Four people with extremely aggressive brain cancer lived up to 50% longer than expected thanks to a personalized experimental vaccine, according to results published this Wednesday by the Spanish biochemist Hector Mendez and his colleagues at the University of Florida, in the American city of Gainesville. The patients, now deceased, suffered from glioblastoma – the most common malignant tumor in the brain – in a terminal phase when they voluntarily participated in the clinical trial. “It’s quite promising,” says Méndez, born in Salamanca 42 years ago and settled in the United States.
The human body’s defenses often do not recognize cancer cells as a threat. The Florida team employs a sophisticated strategy. Researchers inject lipid particles measuring millionths of a millimeter into a vein, with genetic information obtained directly from each patient’s tumor. This messenger RNA recipe, like that of the Pfizer and Moderna vaccines against covid, trains the immune system to think that tumor cells are dangerous viruses and destroy them.

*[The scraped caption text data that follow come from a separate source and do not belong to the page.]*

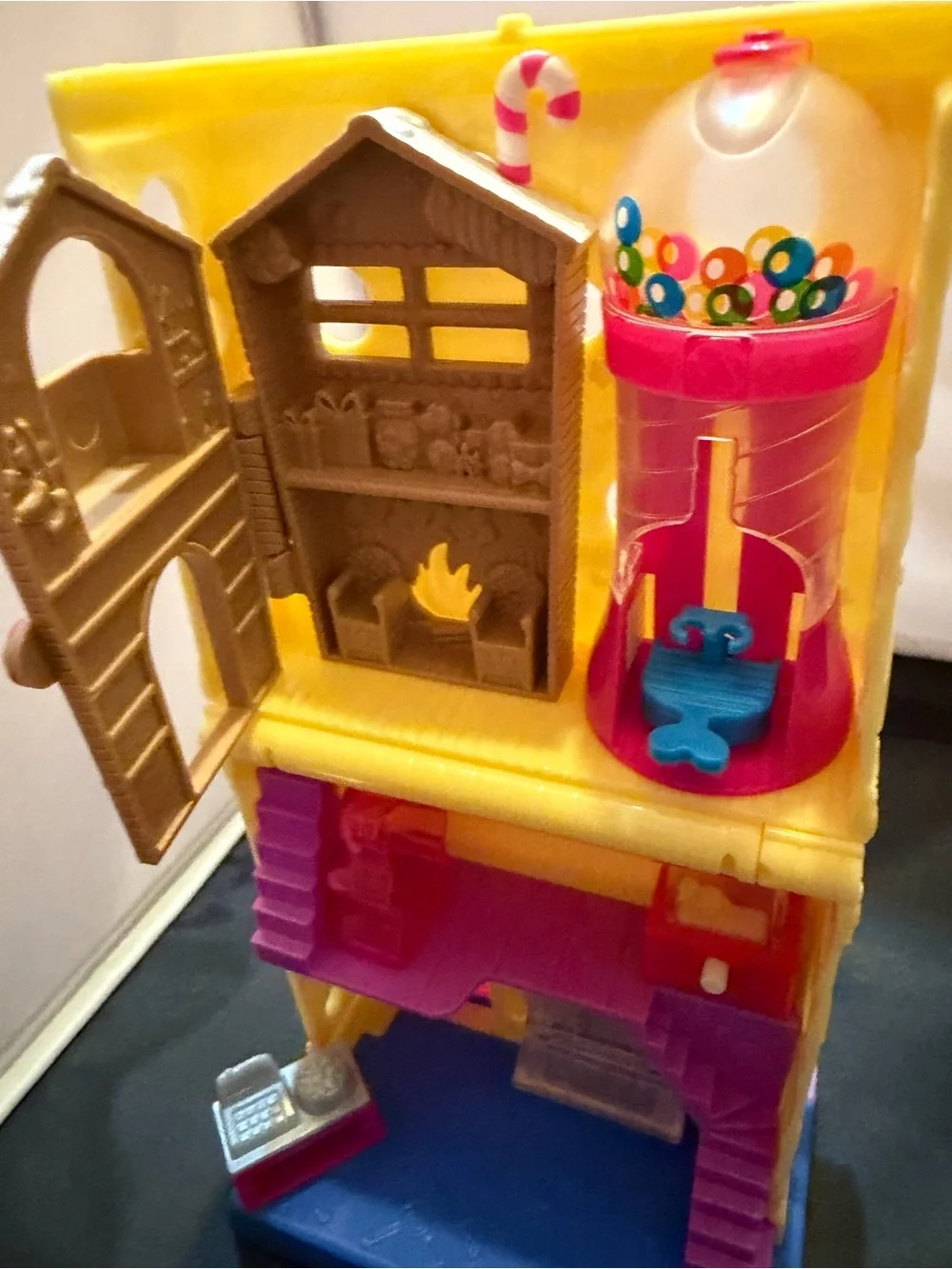 Polly Pocket Pollyville Candy Shop‎ Playset w/ 2 Dolls Accessories Cash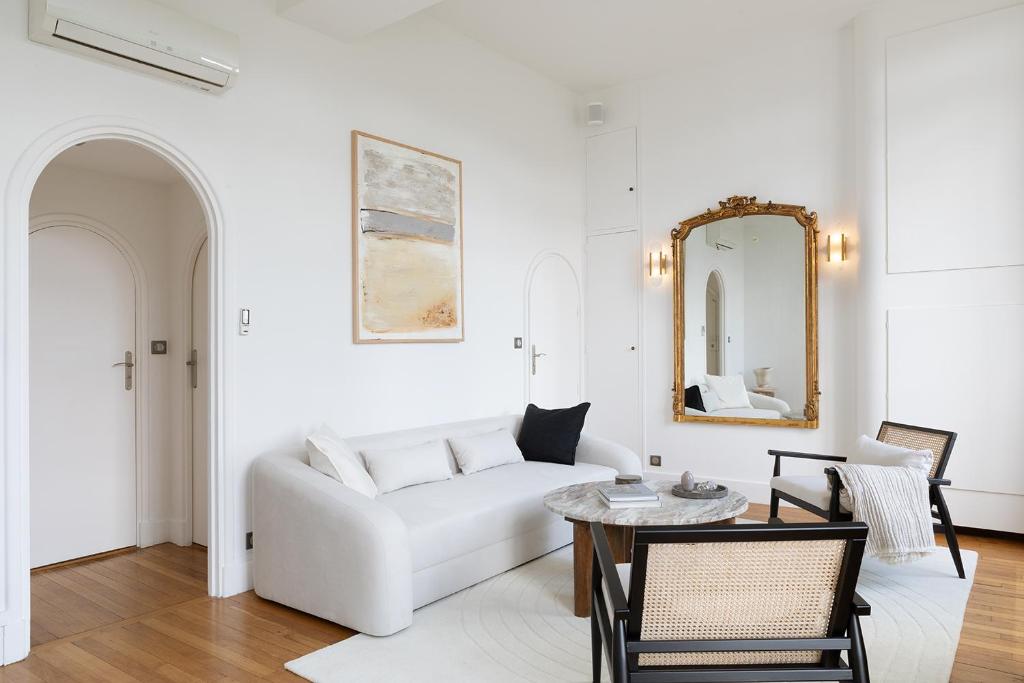 Pick A Flat's Apartments in Saint Louis - Quai des Orfèvres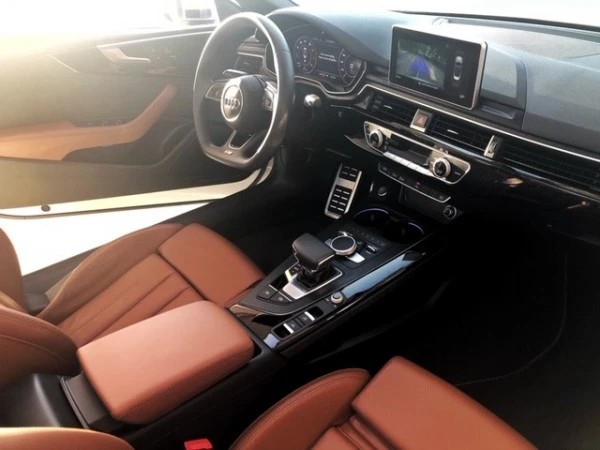 Audi A5 Cabriolet (White), 2018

Méndez explains that patients with standard treatment, used as a reference, had a survival of six months. One of the vaccinated people, however, reached nine months, 50% more. Another participant lived eight months, 33% longer. In the other two patients, the results were positive, but not so positive, says the Spanish biochemist. The team, led by the American oncologist Elias Sayour, wants to now start a larger trial, with 24 patients, to confirm the safety of the vaccine and refine the dose. The next step would be another trial with about 25 children with glioblastoma.
“It seems to improve people’s survival and we have not found any type of chronic toxicity so far,” celebrates Méndez, trained at the University of Salamanca and the Cajal Institute in Madrid. Previous animal experiments were also promising. A dozen dogs with fatal brain cancer lived an average of almost five months after receiving the vaccine, multiplying the usual survival of one or two months. The new results are published this Wednesday in the specialized magazine cell.

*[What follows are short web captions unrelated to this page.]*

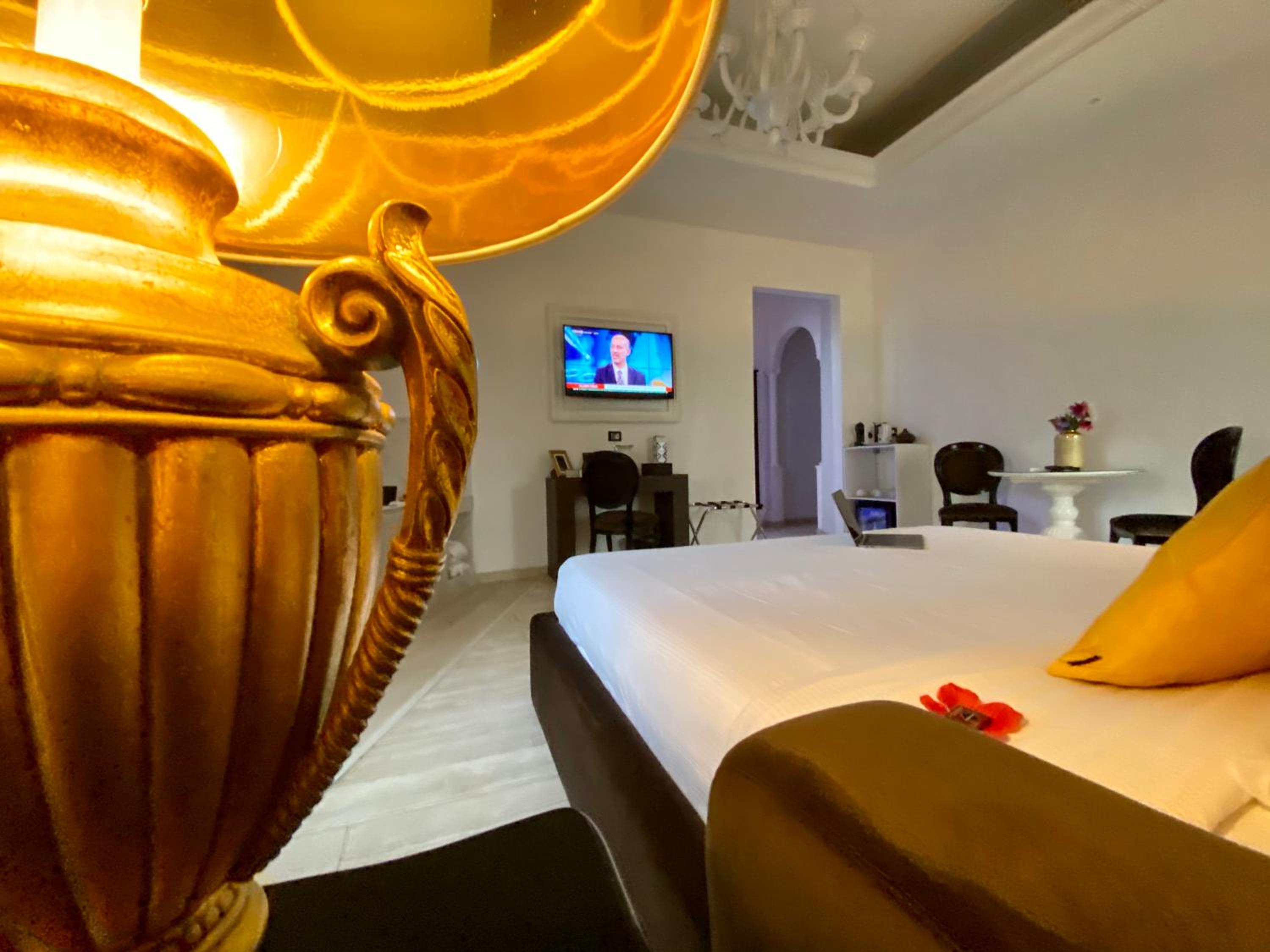 Double Room with Spa Bath photo 2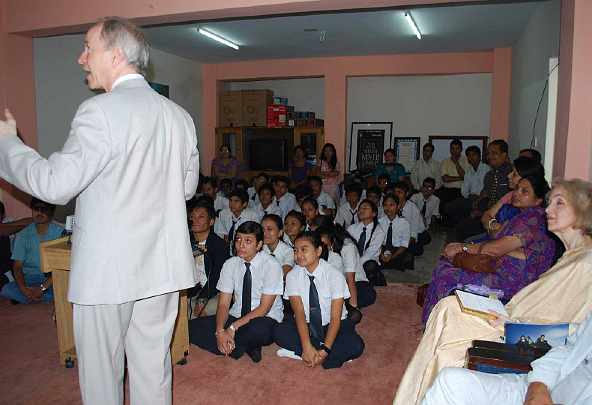 22g.jpg - Dr Michael Dillbeck and Dr Susie Dillbeck gave presentations to students and educators in Nepal on Consciousness-Based Education.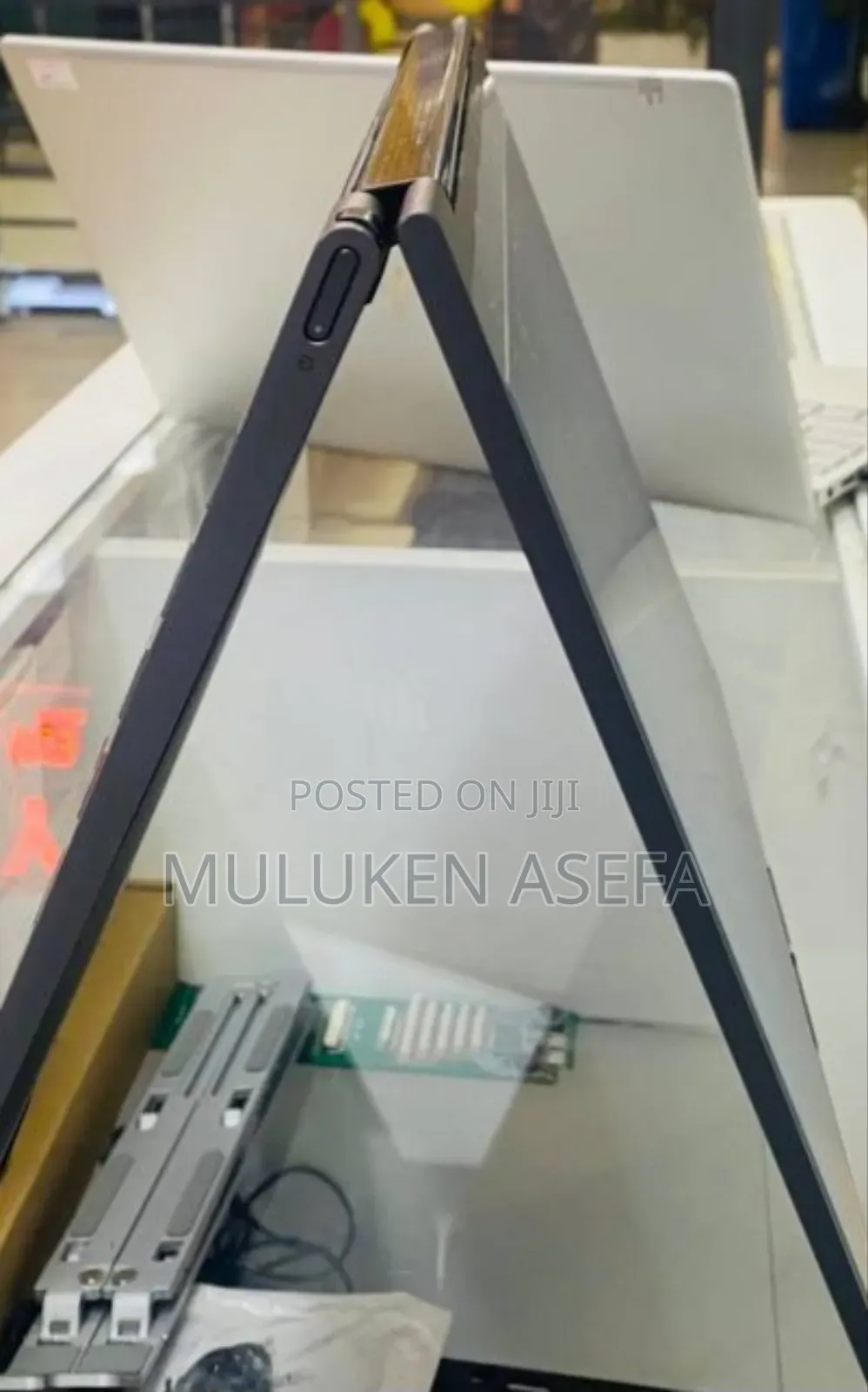 New Laptop Lenovo Yoga 7i 16GB Intel Core I7 SSD 1T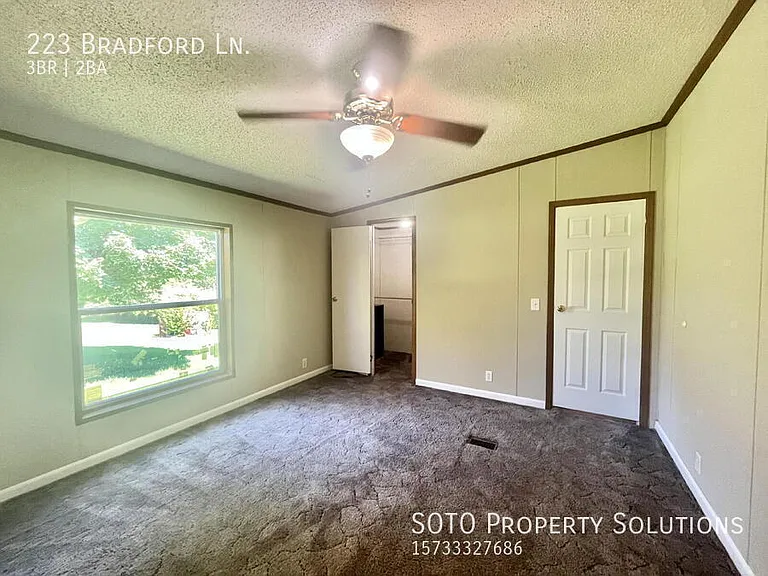 223 Bradford Ln — Photo 29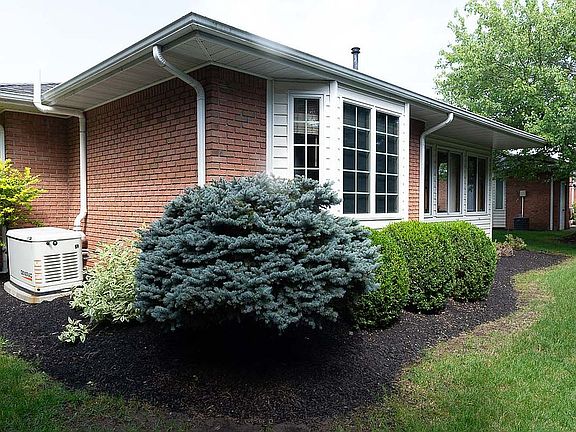 2nd image of 306 Hampton Hill Dr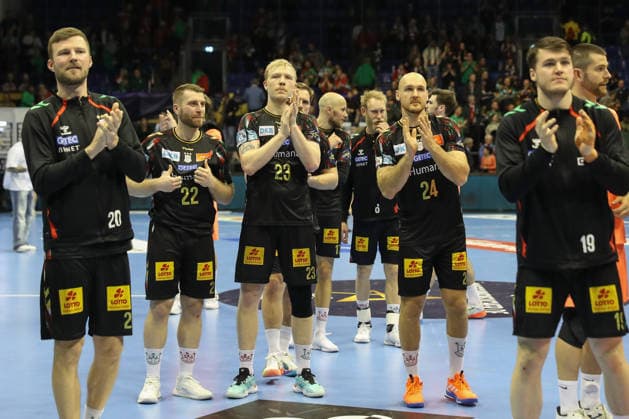 05.03.2026, xgox, Handball - EHF Champions League SC Magdeburg - FC Barcelona, Barca v.l. Magdeburg enttaeuscht, schaut enttaeuscht, niedergeschlagen, disappointed Magdeburg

The oncologist Laura Angelats she applauds the new work, but is cautious. “It is a very innovative strategy and the preclinical data are very interesting, but we still have very little data in patients to be able to confirm that it is a safe and effective treatment,” emphasizes the expert, from the Hospital Clínic, in Barcelona.
There are two other experimental RNA vaccines in advanced human trials. The oncologist Vinod Balachandran is leading testing of a pancreatic cancer shot at Memorial Sloan Kettering Cancer Center in New York. And pharmaceutical companies Moderna and Merck have also obtained promising results with an RNA vaccine against melanoma. All of them are therapeutic vaccines, to treat an already established cancer. English oncologist Sarah Blagden, from the University of Oxford, is leading a project to develop a preventive vaccine against lung cancer, based on harmless chimpanzee cold viruses, a technology similar to that of the AstraZeneca vaccine against covid.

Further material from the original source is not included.